* _DESCRIPTION OF THE TASK_: The answer should be the exact lines from the line containing "Fig. 12 - Methods" through the last line of the material below, with no pictures.

* _DATASET SECTION_:

---------------

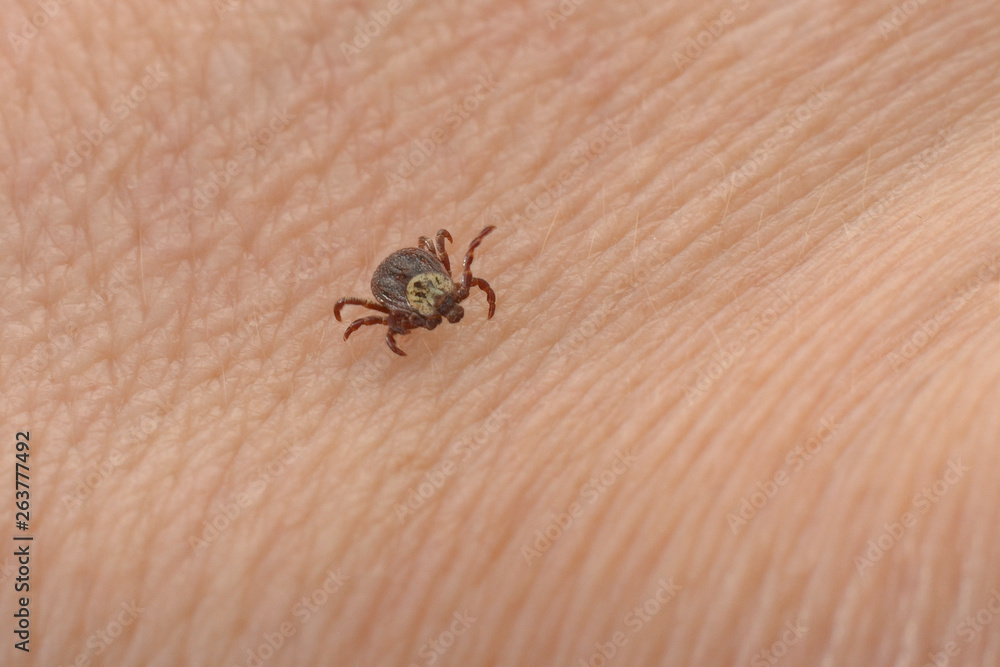 Tick is crawling on human body skin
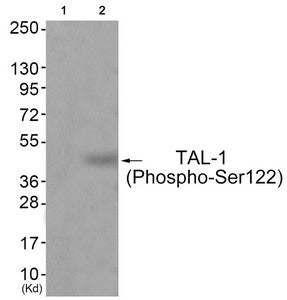 Western blot analysis of extracts from JK cells (Lane 2), using TAL-1 (Phospho-Ser122) Antibody. The lane on the left is treated with antigen-specific peptide.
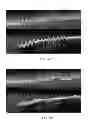 Fig. 12 - Methods and systems for transforming luminal images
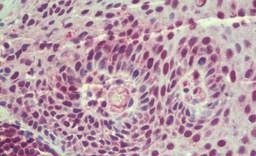 Immunohistochemical analysis of formalin-fixed, paraffin-embedded Human tonsil tissue labeling Translin with ab190241 at 5 µg/ml.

---------------

* _YOUR SOLUTION_:
 Fig. 12 - Methods and systems for transforming luminal images
 Immunohistochemical analysis of formalin-fixed, paraffin-embedded Human tonsil tissue labeling Translin with ab190241 at 5 µg/ml.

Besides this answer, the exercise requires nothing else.